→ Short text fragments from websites
————
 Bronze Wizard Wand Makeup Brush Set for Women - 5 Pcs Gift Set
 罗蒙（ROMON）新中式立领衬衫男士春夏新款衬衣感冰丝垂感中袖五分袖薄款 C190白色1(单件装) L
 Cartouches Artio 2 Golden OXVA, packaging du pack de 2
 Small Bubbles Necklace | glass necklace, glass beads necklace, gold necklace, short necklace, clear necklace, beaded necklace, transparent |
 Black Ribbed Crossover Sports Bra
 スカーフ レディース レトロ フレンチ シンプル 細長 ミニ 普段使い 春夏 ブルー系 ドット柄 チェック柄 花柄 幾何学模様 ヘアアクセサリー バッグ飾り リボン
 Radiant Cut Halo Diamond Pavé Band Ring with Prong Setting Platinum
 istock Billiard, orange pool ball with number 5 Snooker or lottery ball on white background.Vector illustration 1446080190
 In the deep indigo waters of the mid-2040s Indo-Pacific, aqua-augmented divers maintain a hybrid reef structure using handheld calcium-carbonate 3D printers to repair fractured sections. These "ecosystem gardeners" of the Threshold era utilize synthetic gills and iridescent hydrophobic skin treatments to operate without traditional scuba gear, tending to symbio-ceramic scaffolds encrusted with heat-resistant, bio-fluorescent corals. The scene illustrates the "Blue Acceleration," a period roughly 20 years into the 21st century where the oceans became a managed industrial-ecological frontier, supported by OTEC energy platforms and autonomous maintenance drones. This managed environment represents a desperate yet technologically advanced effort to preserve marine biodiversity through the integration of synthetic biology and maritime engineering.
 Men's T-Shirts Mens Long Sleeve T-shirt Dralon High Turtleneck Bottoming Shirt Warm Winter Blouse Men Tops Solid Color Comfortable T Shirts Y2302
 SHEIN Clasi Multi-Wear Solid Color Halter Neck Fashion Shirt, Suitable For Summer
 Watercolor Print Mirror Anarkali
————
→ Problem requirements
What you return must match the records exactly, down to the last line.

→ Exercise response
 Bronze Wizard Wand Makeup Brush Set for Women - 5 Pcs Gift Set
 罗蒙（ROMON）新中式立领衬衫男士春夏新款衬衣感冰丝垂感中袖五分袖薄款 C190白色1(单件装) L
 Cartouches Artio 2 Golden OXVA, packaging du pack de 2
 Small Bubbles Necklace | glass necklace, glass beads necklace, gold necklace, short necklace, clear necklace, beaded necklace, transparent |
 Black Ribbed Crossover Sports Bra
 スカーフ レディース レトロ フレンチ シンプル 細長 ミニ 普段使い 春夏 ブルー系 ドット柄 チェック柄 花柄 幾何学模様 ヘアアクセサリー バッグ飾り リボン
 Radiant Cut Halo Diamond Pavé Band Ring with Prong Setting Platinum
 istock Billiard, orange pool ball with number 5 Snooker or lottery ball on white background.Vector illustration 1446080190
 In the deep indigo waters of the mid-2040s Indo-Pacific, aqua-augmented divers maintain a hybrid reef structure using handheld calcium-carbonate 3D printers to repair fractured sections. These "ecosystem gardeners" of the Threshold era utilize synthetic gills and iridescent hydrophobic skin treatments to operate without traditional scuba gear, tending to symbio-ceramic scaffolds encrusted with heat-resistant, bio-fluorescent corals. The scene illustrates the "Blue Acceleration," a period roughly 20 years into the 21st century where the oceans became a managed industrial-ecological frontier, supported by OTEC energy platforms and autonomous maintenance drones. This managed environment represents a desperate yet technologically advanced effort to preserve marine biodiversity through the integration of synthetic biology and maritime engineering.
 Men's T-Shirts Mens Long Sleeve T-shirt Dralon High Turtleneck Bottoming Shirt Warm Winter Blouse Men Tops Solid Color Comfortable T Shirts Y2302
 SHEIN Clasi Multi-Wear Solid Color Halter Neck Fashion Shirt, Suitable For Summer
 Watercolor Print Mirror Anarkali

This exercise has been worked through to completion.